- Written by Lea Hanson Lea Hanson
The nutrients and ingredients in your food People look at food labels for different reasons: grasping vitamin and nutrient intake, monitoring ingredients, deciphering processed food from non-processed, and more. Whatever the reason, many consumers would like to know more about how to use this information more effectively and easily.
Reading nutrition labels gives you facts about the product’s ingredients, important nutrients, and the recommended daily values (DV) of those nutrients. There are two sections to the nutrition information on food labels: the Nutrient Information and the Ingredient List. It’s important to note that the nutrient amounts listed on a nutrition label indicate the amount in one serving, not the total amount in the container (unless specified). To determine the total calories in the whole package, multiply the calories per serving by the total number of servings.
Understanding daily values
Daily values (DV) help evaluate how a particular food fits into your daily meal plan. DVs are average levels of nutrients for a person eating 2,000 calories a day. A food item with a 5 percent DV of fat provides 5 percent of the total fat that a person consuming 2,000 calories a day should eat. Parents need to remember that children often need to eat fewer than 2,000 calories in a day, so keep this in mind and consult your pediatrician for your child’s needs.
There are a few items listed in the Nutrient Information without a DV percentage: trans fats, protein, and sugars. Trans fat is easy: there is not an agreed upon recommended amount. No amount of trans fat is healthy, but experts cannot yet agree on what amount is—for lack of better words—safe. If you tend to err on the side of caution, just try to have none.
For protein, a DV percent is required to be listed if a claim is made for protein, such as "high in protein." Otherwise, none is needed unless the food is meant for use by infants and children under age 4. Current scientific evidence indicates that protein intake is not a public health concern for adults and children over age 4.
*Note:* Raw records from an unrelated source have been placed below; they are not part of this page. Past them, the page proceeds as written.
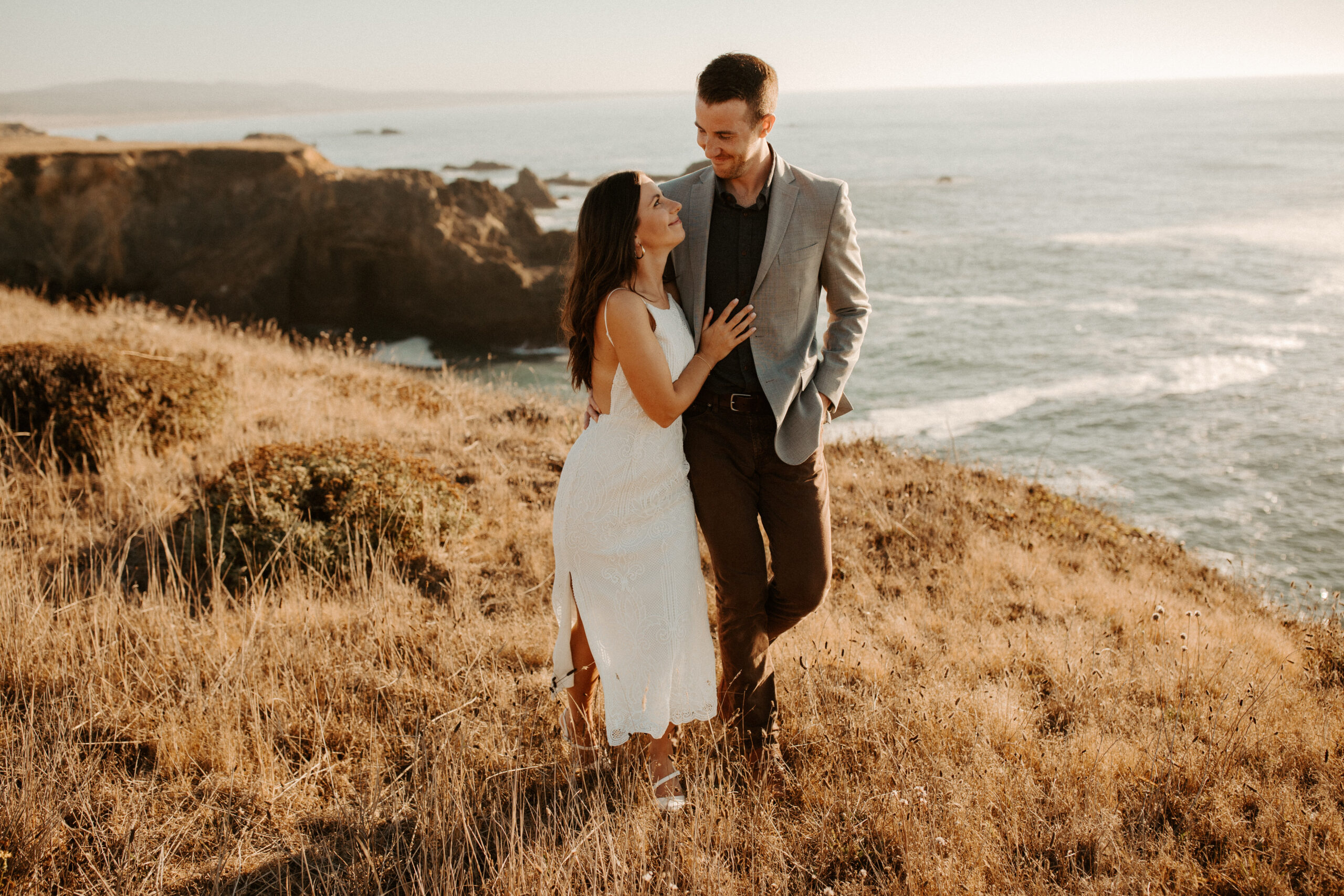 beautiful couple pose with the Pacific ocean in the background, a top tier San Francisco engagement photoshoot location!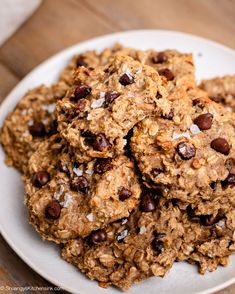 a white plate topped with cookies and raisins on top of a wooden table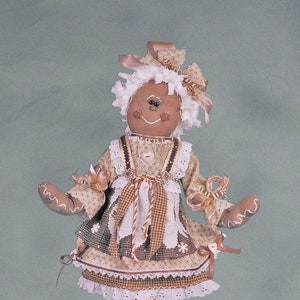 May include: A gingerbread doll with brown hair, wearing a brown and white dress with a brown and white checkered apron, and brown shoes with red accents. The doll is standing on a wooden base with white frosting.
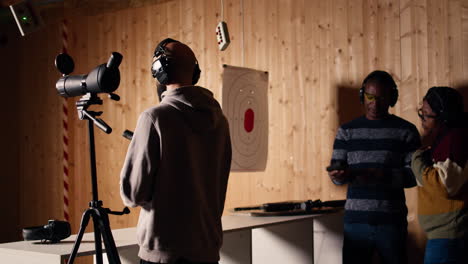 person analyzing targets shot using magnifying lens during firearm practice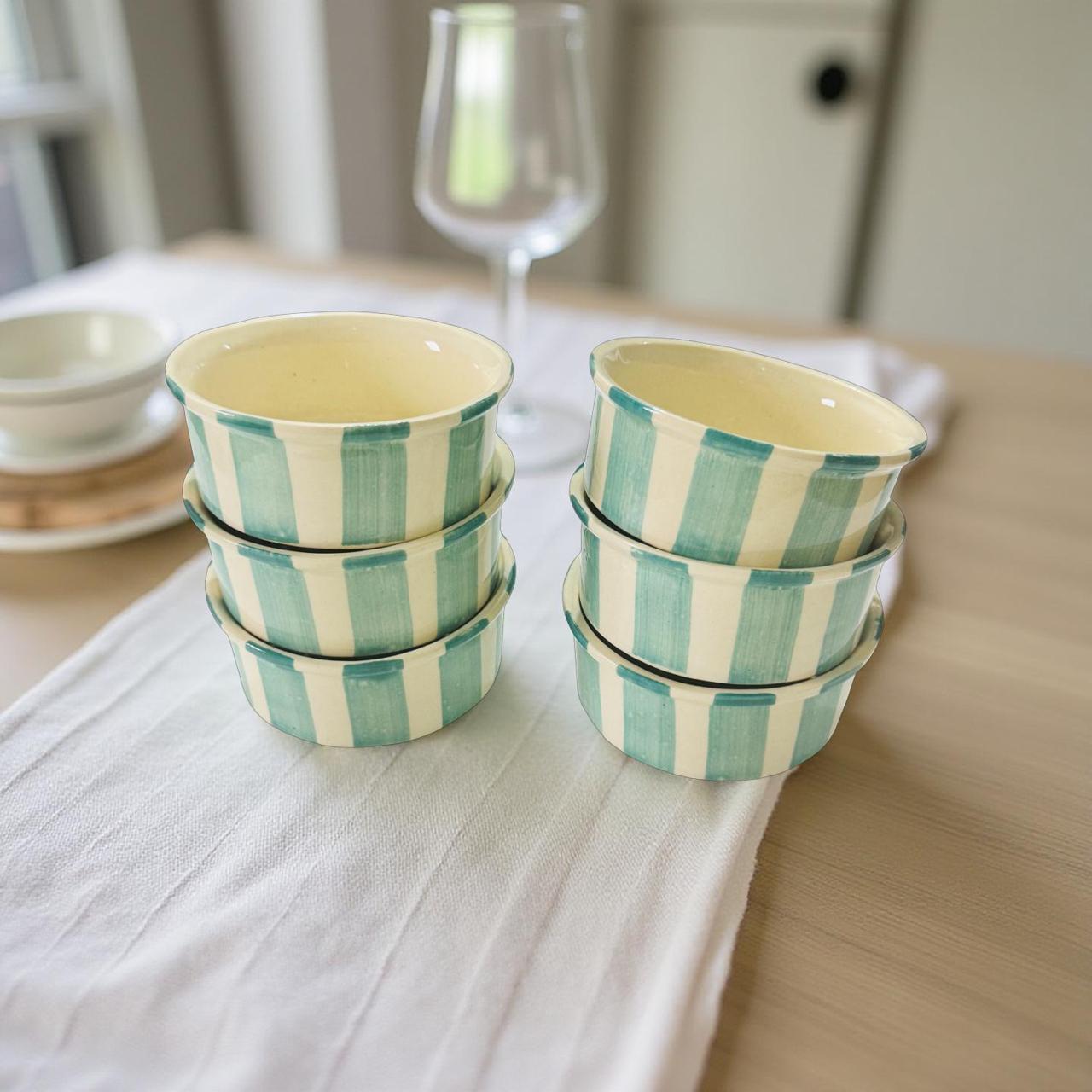 Set of striped ceramic bowls on a table with a glass in the background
Sugars, like trans fats, have no recommendations regarding the total amount to eat in a day. Most health professionals agree that less is more when it comes to sugar. Keep in mind, the sugars listed on the Nutrition Facts label include naturally occurring sugars (like those in fruit and milk) as well as those added to a food or drink. Check the ingredient list for specifics on added sugars.
The ingredients list
Foods with more than one ingredient must have an ingredient list on the label. Ingredients are listed in descending order by weight. Those in the largest amounts are listed first. This information is particularly helpful to individuals with food sensitivities and allergies, those who wish to limit added sugars, or those who are vegetarians and/or vegan. A good rule of thumb is to scan the first three ingredients, because they are the largest part of what you’re eating. If the first ingredients include refined grains, some sort of sugar or hydrogenated oils, assume the product is unhealthy. Another good rule of thumb is if the ingredients list is longer than 2–3 lines, you can assume that the product is highly processed.